[Start of section]

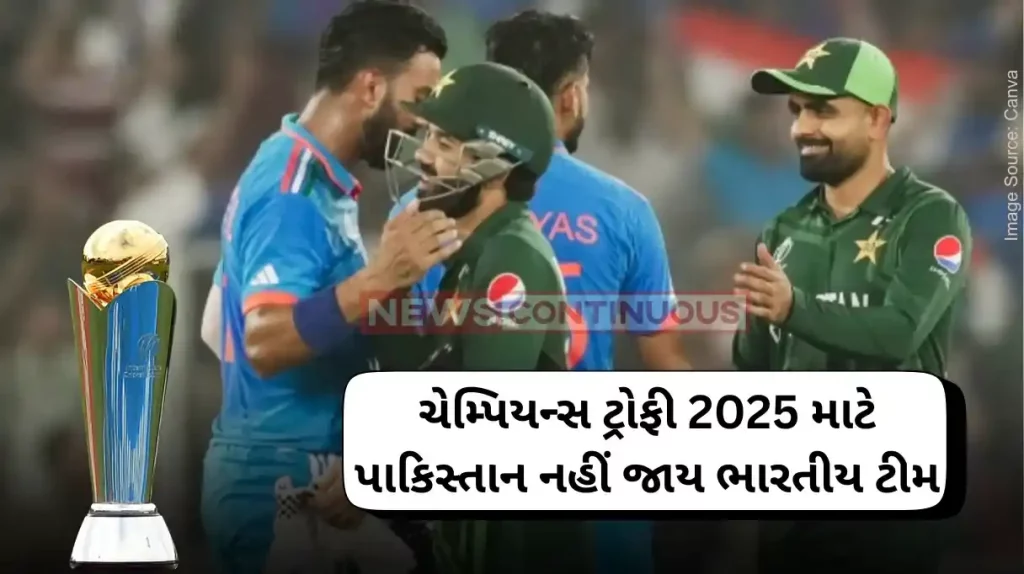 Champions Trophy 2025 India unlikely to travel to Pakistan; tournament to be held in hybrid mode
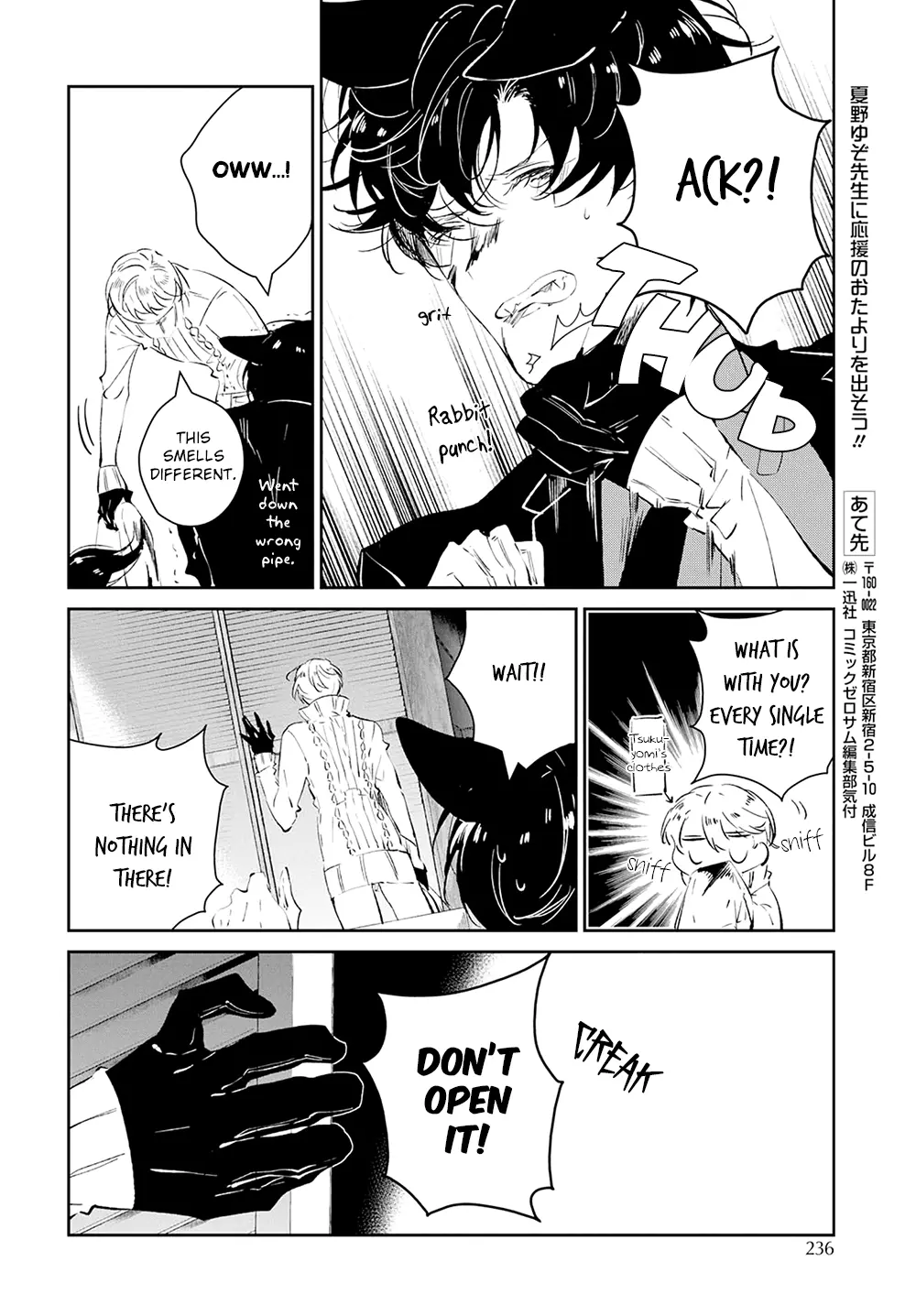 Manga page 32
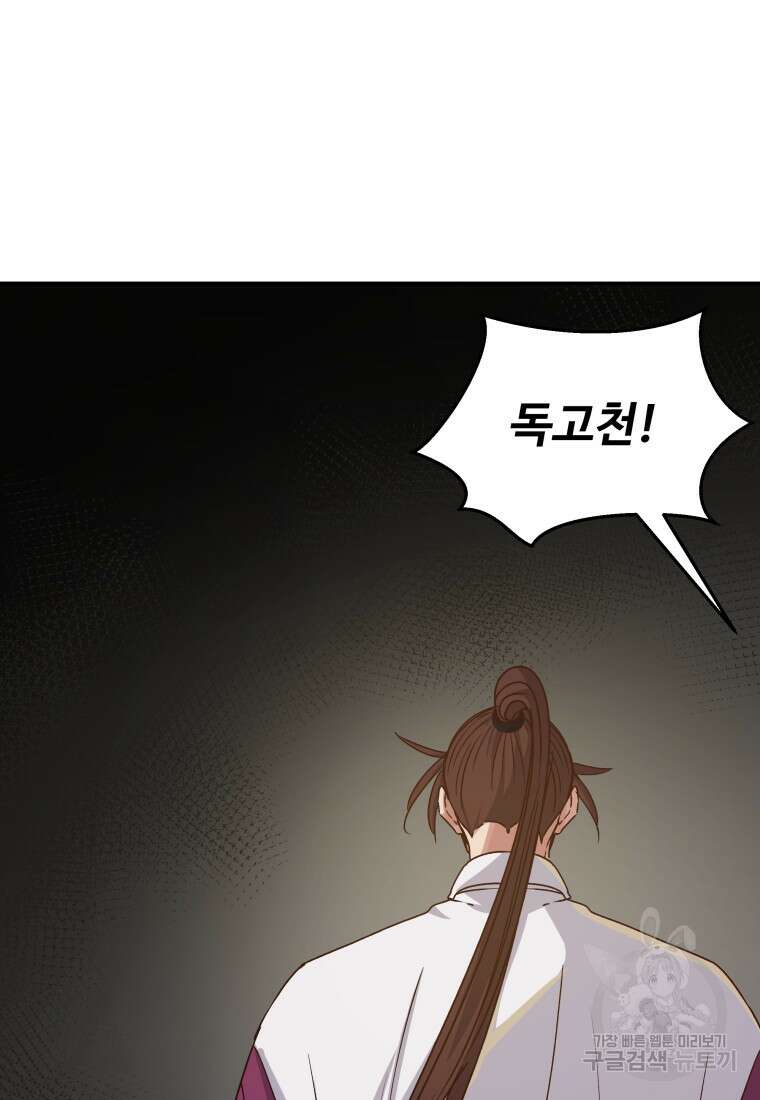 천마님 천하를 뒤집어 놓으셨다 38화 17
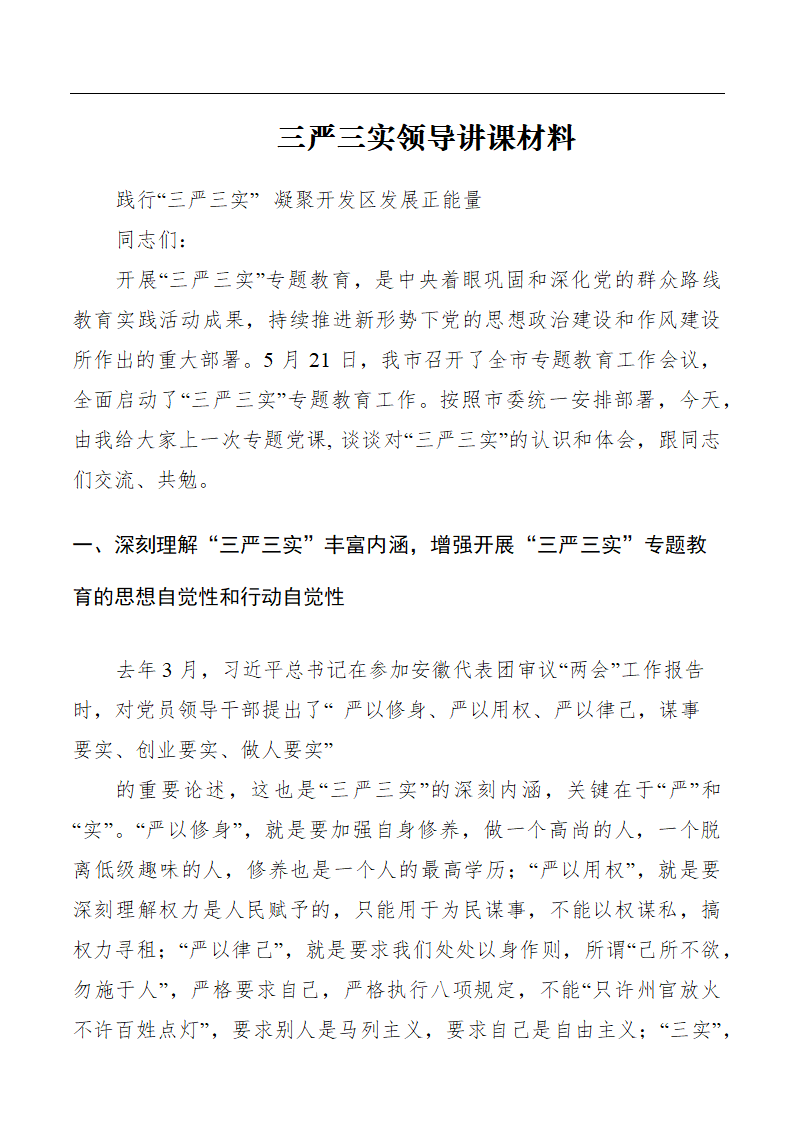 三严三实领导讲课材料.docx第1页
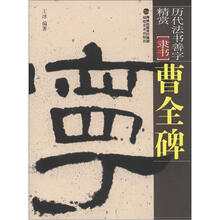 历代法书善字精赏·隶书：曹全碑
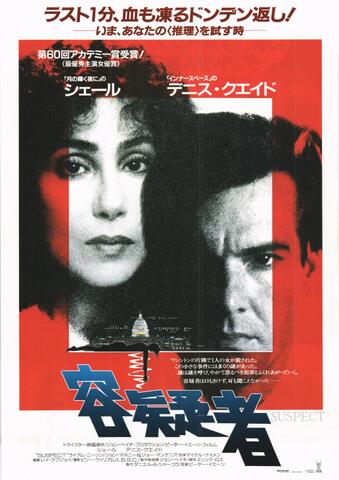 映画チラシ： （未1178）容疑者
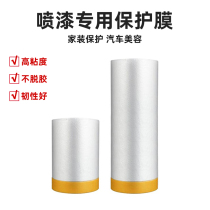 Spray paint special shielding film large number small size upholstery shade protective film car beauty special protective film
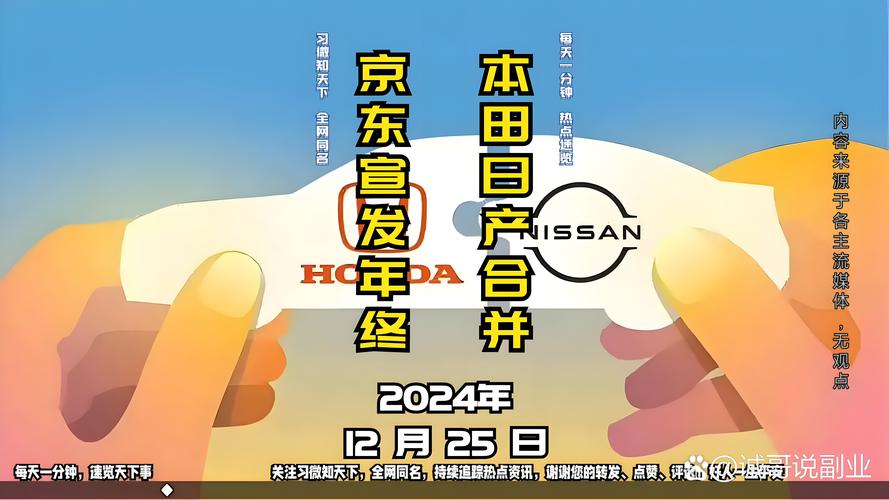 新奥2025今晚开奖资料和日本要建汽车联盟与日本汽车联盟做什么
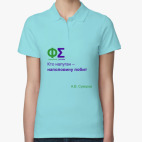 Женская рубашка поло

[End of section]

* [What to work on]: Return the full listing exactly as it appears above, without its pictures.

* [Task answer]:
 Champions Trophy 2025 India unlikely to travel to Pakistan; tournament to be held in hybrid mode
 Manga page 32
 천마님 천하를 뒤집어 놓으셨다 38화 17
 三严三实领导讲课材料.docx第1页
 历代法书善字精赏·隶书：曹全碑
 映画チラシ： （未1178）容疑者
 Spray paint special shielding film large number small size upholstery shade protective film car beauty special protective film
 新奥2025今晚开奖资料和日本要建汽车联盟与日本汽车联盟做什么
 Женская рубашка поло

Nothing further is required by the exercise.